[WHAT YOU ARE ASKED TO DO]
Repeat exactly the lines below, from the line containing "Tiny Blue Medallion" through the last line, both included. Leave out any pictures.

————

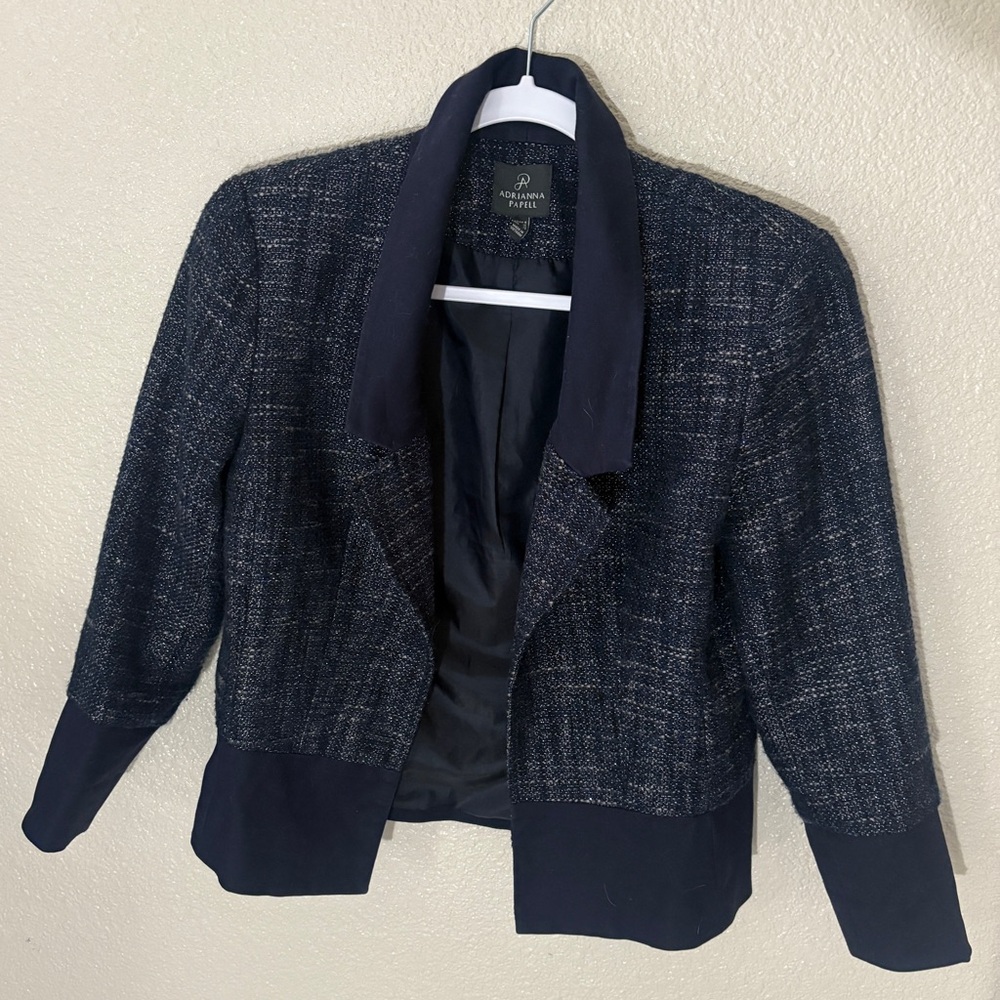 Adrianna Papell Navy Sparkle Tweed Blazer Women’s Small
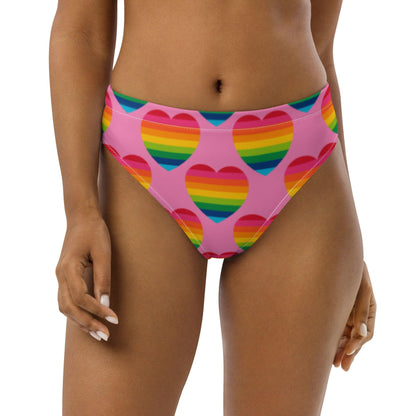 Bikini bottom with high waist (recycled) - ELLIE LOVE rainbow pink - SHALMIAK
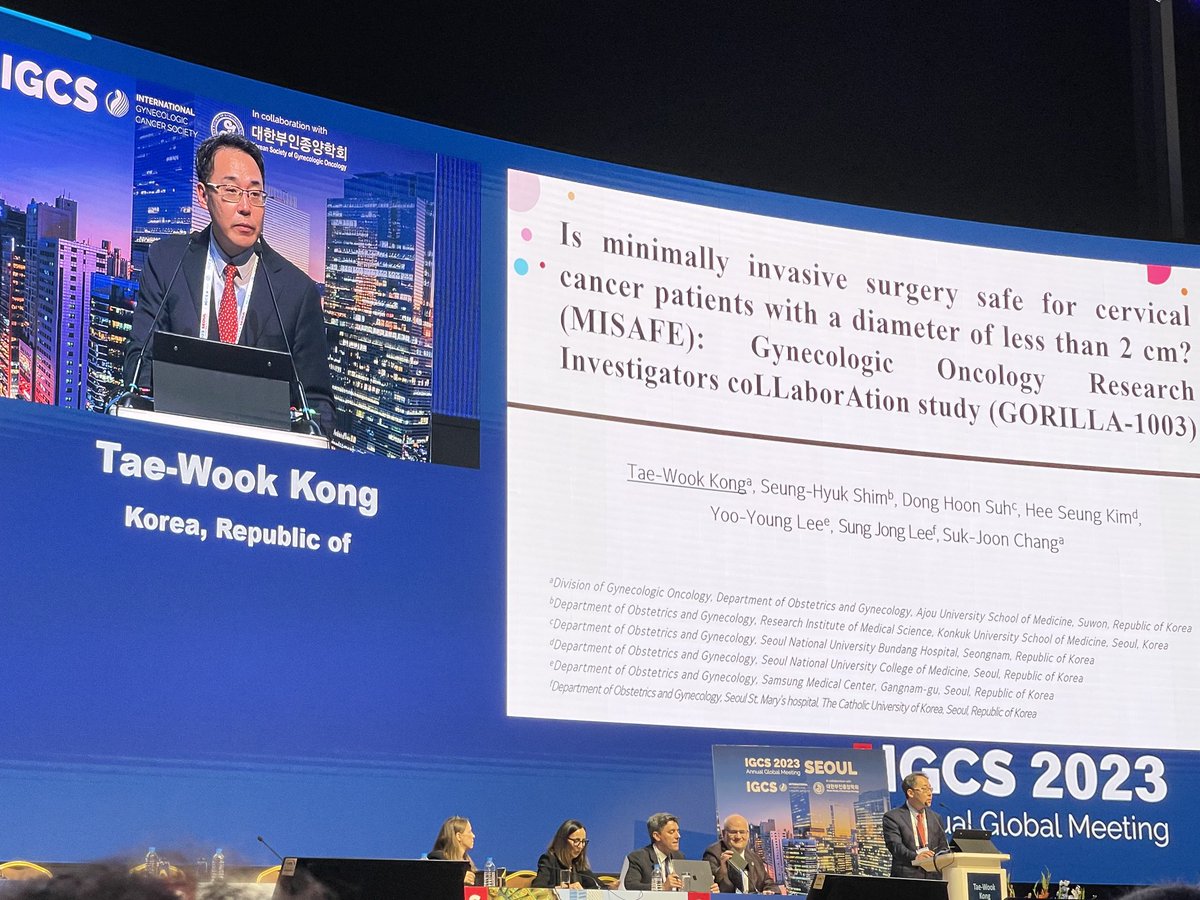 ggardnermd's tweet image. Congratulations Dr Tae Woo Kong on the outstanding presentation of the GORILLA Trial evaluating surgical technique for radical hyst in early stage cervical cancer Great opening session #IGCS2023 ⁦@SGO_org⁩ ⁦@GYNCancer⁩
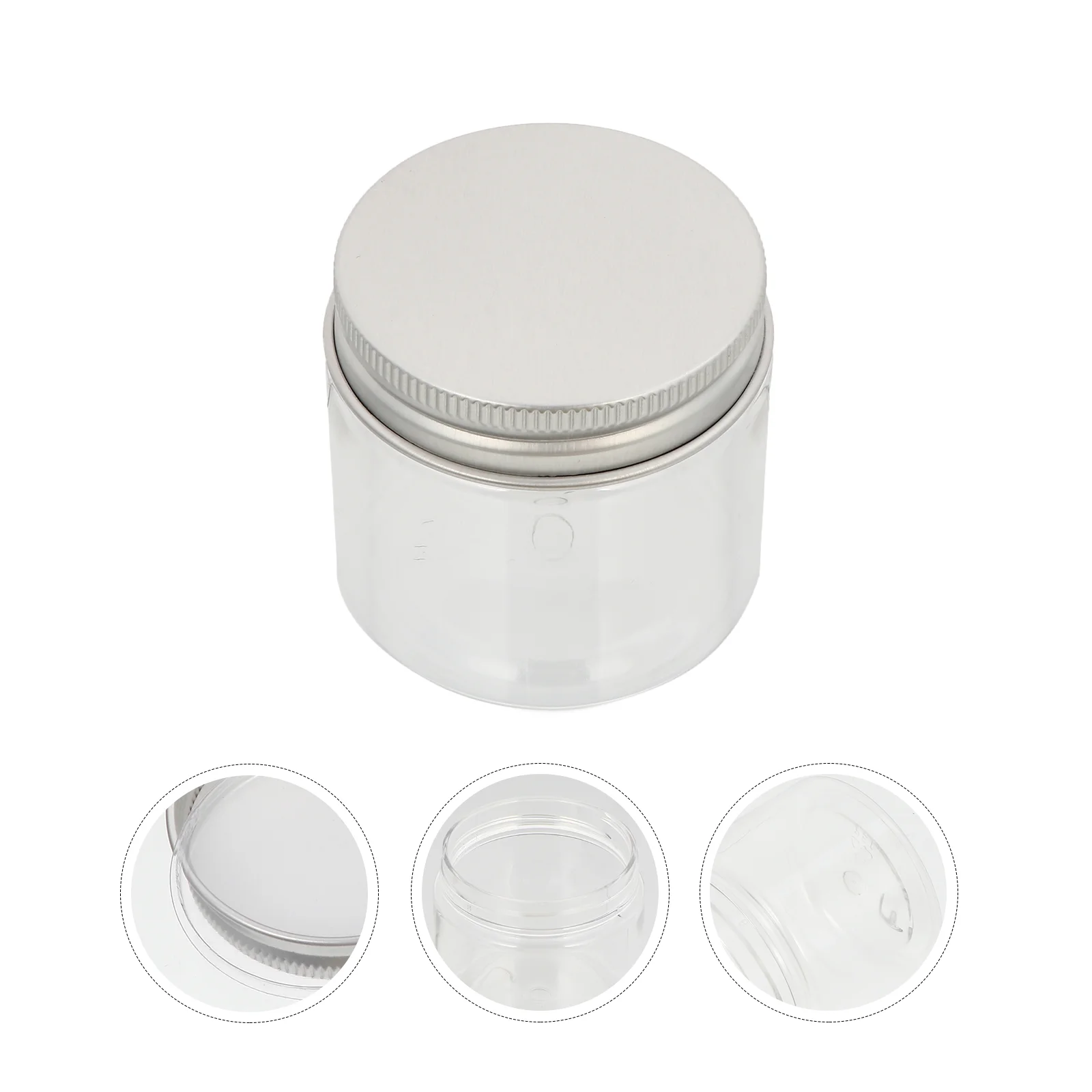 

6Pcs Jars Clear Round Storage Jars with Aluminum Lids 50g Leak Proof Jars Containers for Travel Lotion Creams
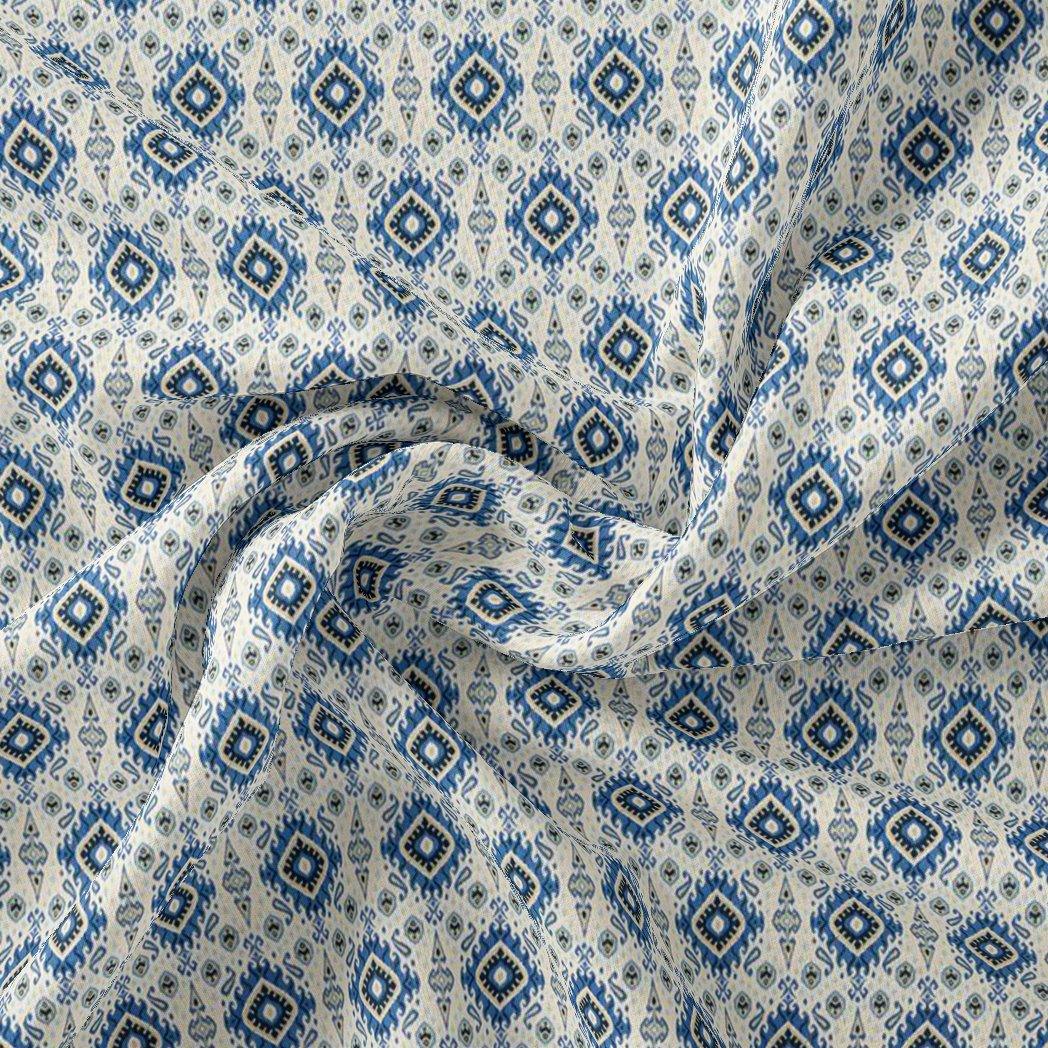 Tiny Blue Medallion Motif Digital Printed Fabric - Pure Cotton - FAB VOGUE Studio®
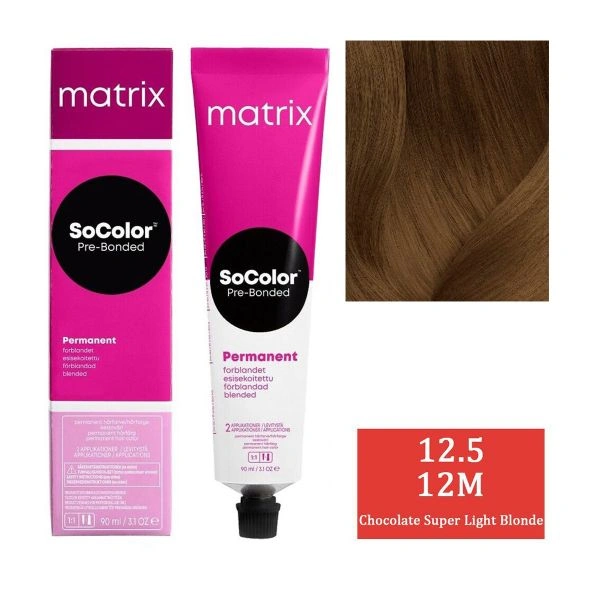 Matrix SoColor Hair Color 12M Cocolate Super Light Blonde 90ML | Permanent Blended Hair Color | Rich, Cool Blonde|Chocolate Tones | Full Gray Coverage & Long-Lasting Results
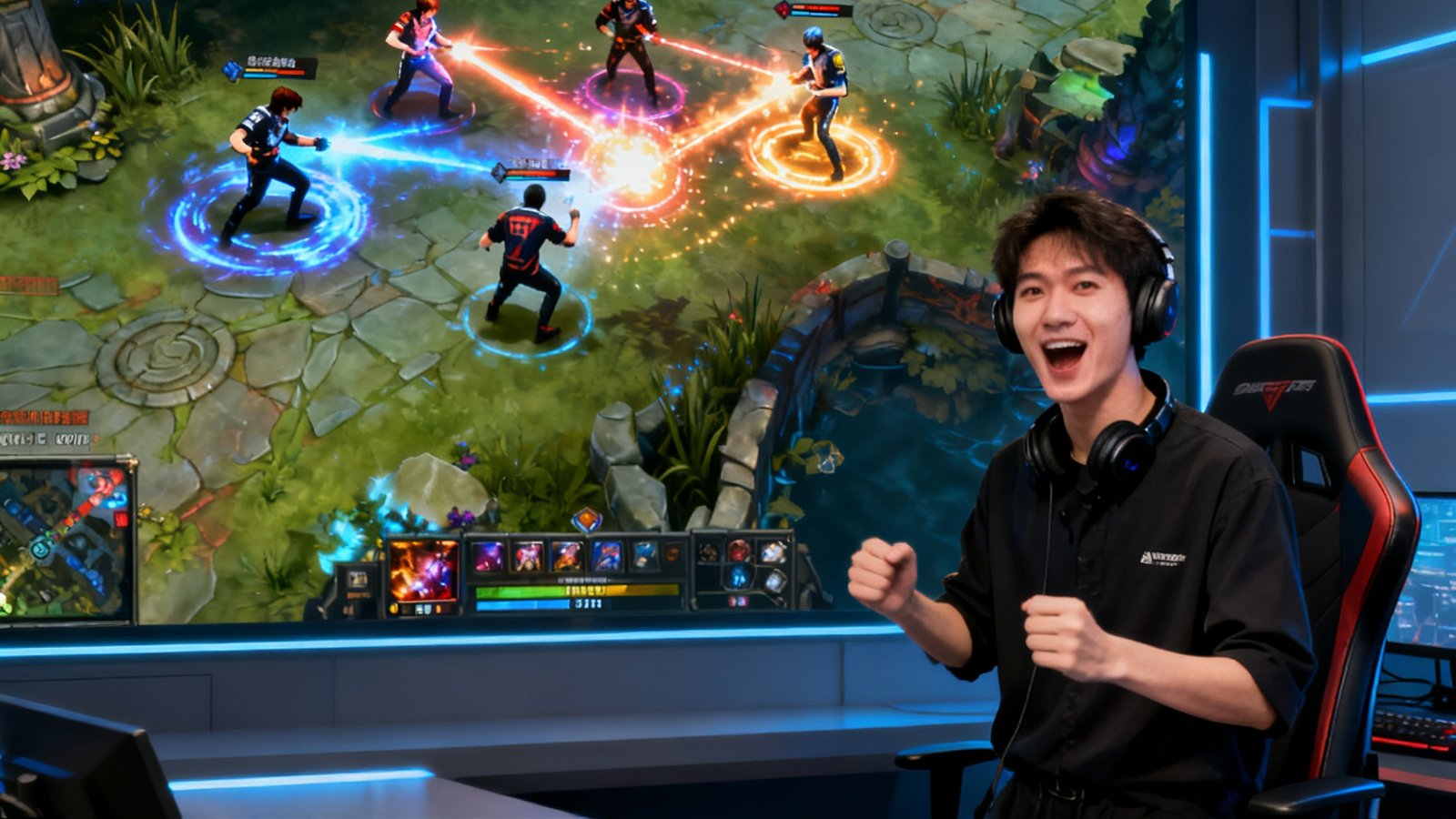 专业电竞直播间内一位主播正激情解说DOTA2团战，屏幕上五位选手紧密配合释放终极技能，弹幕滚动着观众的热烈讨论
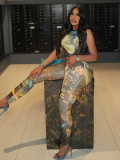 Women Sexy Sleeveless Crop Print Top and Long Pants Two-piece Set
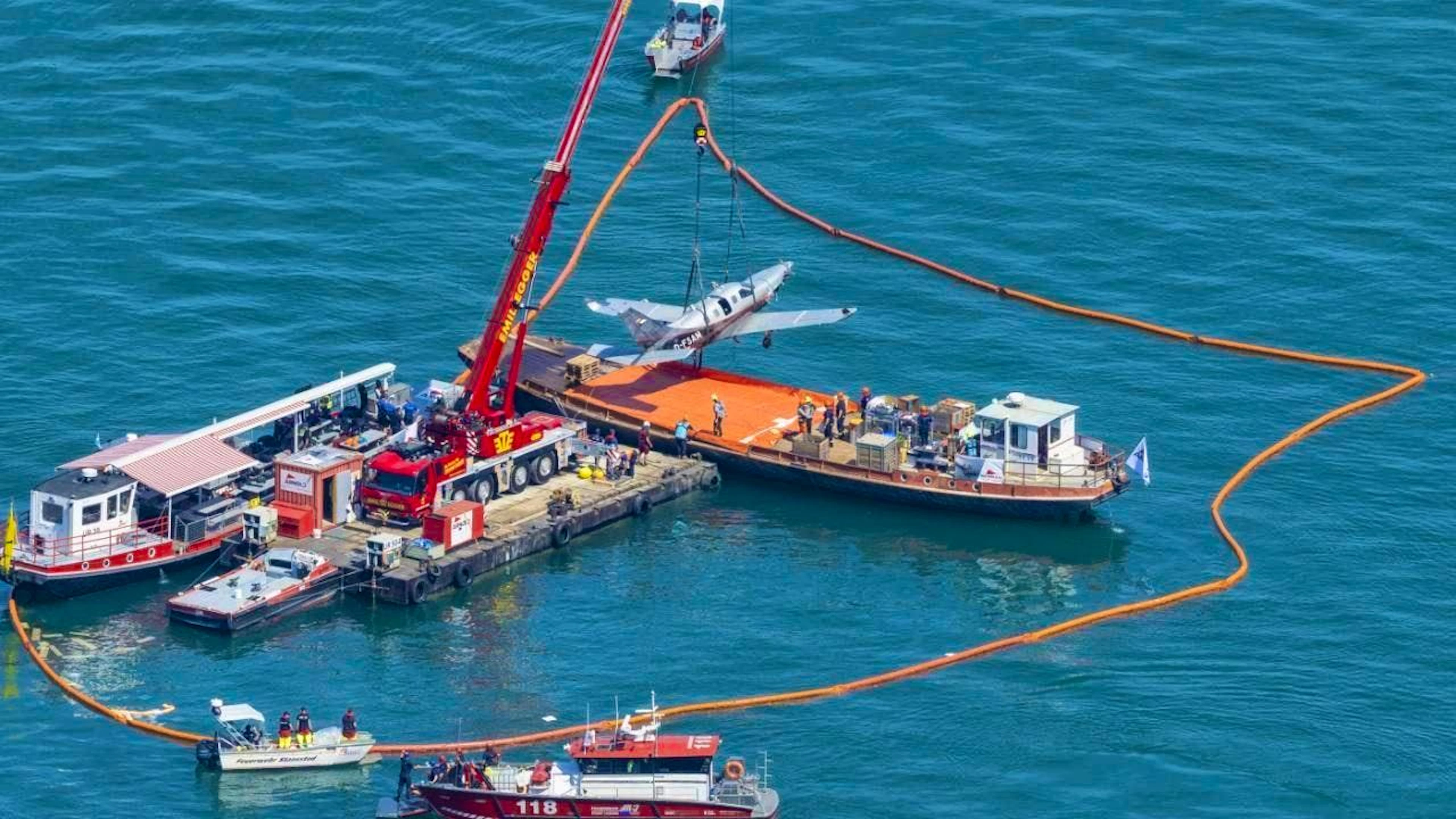 The plane was lifted out of the lake.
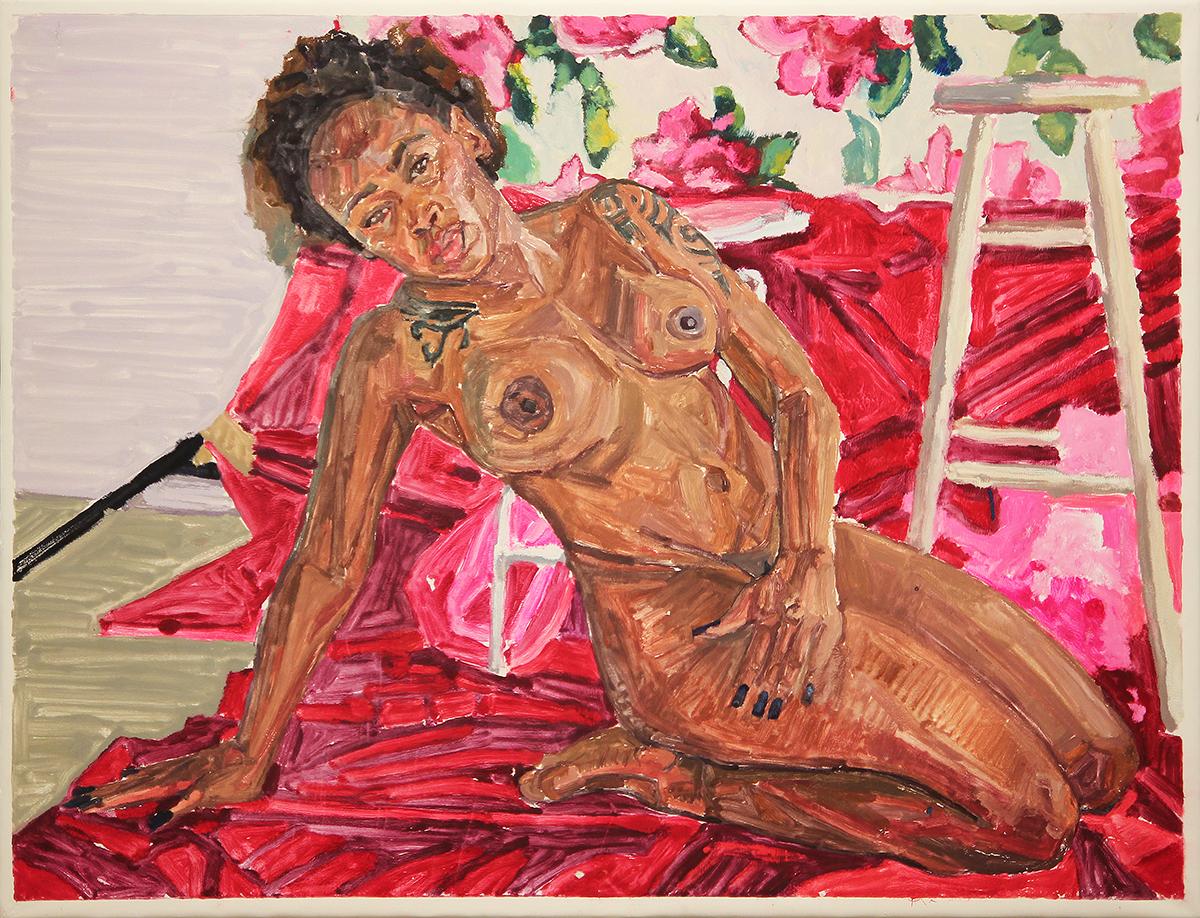 Saralene Tapley Figurative Print - "Andi" Pink-Toned  Floral Black Female Nude Monotype Print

————

[RESPONSE BOX]
 Tiny Blue Medallion Motif Digital Printed Fabric - Pure Cotton - FAB VOGUE Studio®
 Matrix SoColor Hair Color 12M Cocolate Super Light Blonde 90ML | Permanent Blended Hair Color | Rich, Cool Blonde|Chocolate Tones | Full Gray Coverage & Long-Lasting Results
 专业电竞直播间内一位主播正激情解说DOTA2团战，屏幕上五位选手紧密配合释放终极技能，弹幕滚动着观众的热烈讨论
 Women Sexy Sleeveless Crop Print Top and Long Pants Two-piece Set
 The plane was lifted out of the lake.
 Saralene Tapley Figurative Print - "Andi" Pink-Toned  Floral Black Female Nude Monotype Print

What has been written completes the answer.